RAG (Retrieval-Augmented Generation) is one of those patterns that looks simple on a diagram and gets complicated fast in practice. The chunking strategy, embedding model choice, vector store selection, and the split between ingestion and retrieval all have real consequences for answer quality, cost, and maintainability.

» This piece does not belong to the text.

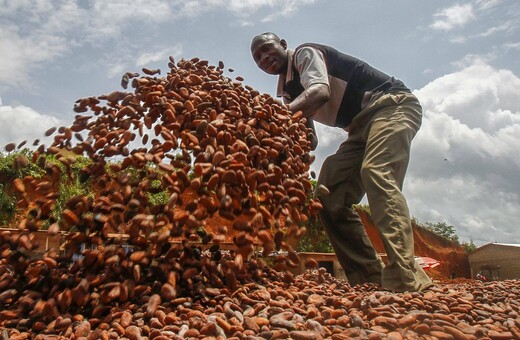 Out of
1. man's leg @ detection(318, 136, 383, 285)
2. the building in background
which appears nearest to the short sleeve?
man's leg @ detection(318, 136, 383, 285)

This post walks through every design decision I made building a RAG chatbot that answers natural language questions about Washington state hiking trails. The domain is specific. The decisions generalise.

Architecture overview

The system has two distinct stages that run independently:

DATA PIPELINE (data_ingestion.ipynb)

Web Sources          LangChain              ChromaDB
───────────      ──────────────────      ──────────────
NPS.gov      →   WebBaseLoader       →   text-embedding
Wikipedia        BeautifulSoup           -3-small
Recreation.gov   RecursiveCharacter      ./chroma_db/
                 TextSplitter            washington_hikes

AGENT RUNTIME (hiking_agent/)

User Query
    │
    ▼
Google ADK Agent  →  retrieve_info()  →  Chroma similarity search (k=5)
(Gemini 2.5 Flash)   FunctionTool
    │
    ▼
Grounded Response

The ingestion pipeline runs once and produces a persisted Chroma collection. The agent is stateless and reconnects to that collection on every query.

Decision 1: RAG instead of fine-tuning

Trail conditions, permit availability, and access windows change seasonally. A fine-tuned model would need a full retraining cycle every time the data changes.

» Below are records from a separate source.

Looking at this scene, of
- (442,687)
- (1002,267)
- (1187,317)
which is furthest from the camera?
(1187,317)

RAG sidesteps this entirely. When the data needs refreshing, re-run the ingestion notebook. The agent does not need to be redeployed. The model does not need to be retrained. The knowledge base updates independently of the running system.

This is the core argument for RAG over fine-tuning whenever the underlying data has a meaningful refresh rate: the separation between knowledge and inference is a feature, not a limitation.

Decision 2: Chunk size - 1000 chars / 150 char overlap

Chunk size is one of the most consequential RAG decisions and one of the least discussed.

Too small: individual chunks lose context. A chunk that says "permits are required" without the surrounding sentence explaining which trail and which season is useless at retrieval time.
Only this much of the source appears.